PROVIDED DATA
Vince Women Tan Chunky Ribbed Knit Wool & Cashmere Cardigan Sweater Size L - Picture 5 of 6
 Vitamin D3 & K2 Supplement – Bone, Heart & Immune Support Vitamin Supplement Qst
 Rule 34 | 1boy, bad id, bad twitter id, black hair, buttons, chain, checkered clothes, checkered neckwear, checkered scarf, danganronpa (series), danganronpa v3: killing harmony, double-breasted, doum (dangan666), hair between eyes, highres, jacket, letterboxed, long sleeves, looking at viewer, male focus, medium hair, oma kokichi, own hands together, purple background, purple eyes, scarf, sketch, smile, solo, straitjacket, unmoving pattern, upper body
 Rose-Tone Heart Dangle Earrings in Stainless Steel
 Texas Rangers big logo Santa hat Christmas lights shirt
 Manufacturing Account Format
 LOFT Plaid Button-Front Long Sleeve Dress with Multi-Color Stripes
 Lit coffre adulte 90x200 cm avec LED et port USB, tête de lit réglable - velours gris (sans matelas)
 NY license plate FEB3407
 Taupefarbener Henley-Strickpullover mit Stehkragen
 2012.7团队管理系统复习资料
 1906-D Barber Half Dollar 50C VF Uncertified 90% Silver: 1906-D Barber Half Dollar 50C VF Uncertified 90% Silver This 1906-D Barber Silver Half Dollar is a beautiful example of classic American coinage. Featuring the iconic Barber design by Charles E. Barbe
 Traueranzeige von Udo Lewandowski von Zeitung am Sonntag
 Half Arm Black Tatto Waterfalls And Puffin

PROBLEM STATEMENT
In the listing above, find every line with the word "Heart" and copy it out.

TASK RESULT
 Vitamin D3 & K2 Supplement – Bone, Heart & Immune Support Vitamin Supplement Qst
 Rose-Tone Heart Dangle Earrings in Stainless Steel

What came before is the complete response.